Republican state officials working to pass a voter photo ID law in 2011 knew that more than 500,000 of the state’s registered voters did not have the credentials needed to cast ballots under the new requirement. But they did not share that information with lawmakers rushing to pass the legislation. Now that the bill is law, in-person voters must present one of seven specified forms of photo identification in order to have their votes counted. A federal judge in Corpus Christi has found the law unconstitutional, but the U.S. Supreme Court has ruled that the state can leave it in place for the November election while appeals proceed. The details about the number of voters affected emerged during the challenge to the law, and were included in the findings of U.S. District Judge Nelva Gonzales Ramos. During the 2011 legislative struggle to pass the voter ID law, she wrote, Republican lawmakers asked the Texas secretary of state, who runs elections, and the Texas Department of Public Safety, which maintains driver’s license information, for the number of registered voters who did not have state-issued photo identification. The answer: at least a half-million.

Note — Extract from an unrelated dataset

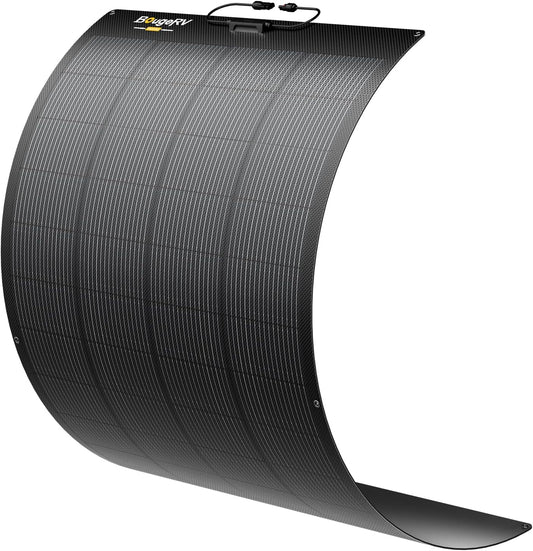 BougeRV Arch Pro Schaduwtolerantie, 200 W, flexibel zonnepaneel van glasvezel, N-type 16BB-cellen, 25% efficiëntie, ETFE, flexibele zonnepanelen, IP68, voor camper, boot, tuin, balkon, 12/24 V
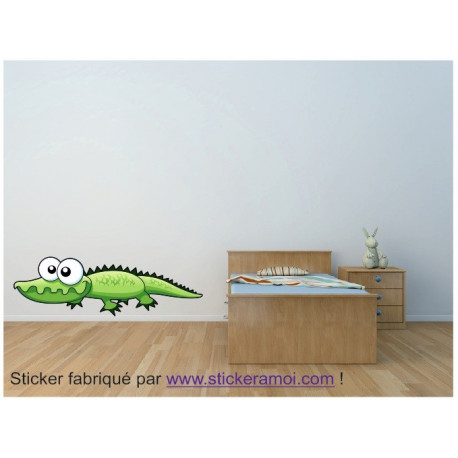 deco Autocollant Crocodile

There was evidence, the judge wrote, that Sen. Tommy Williams asked the Texas Department of Public Safety to compare its ID databases with the list of registered voters to find out how many people would not have the most common of the photo IDs required by the law. No match was done to see how many people did not have other acceptable IDs. “That database match was performed by the SOS, but the results showing 504,000 to 844,000 voters being without Texas photo ID were not released to the Legislature.”
Gonzales Ramos sourced that finding in a footnote, noting that in a deposition, Williams, a Republican from The Woodlands who has since left the state Senate, said he requested that information and then did not share it with fellow lawmakers.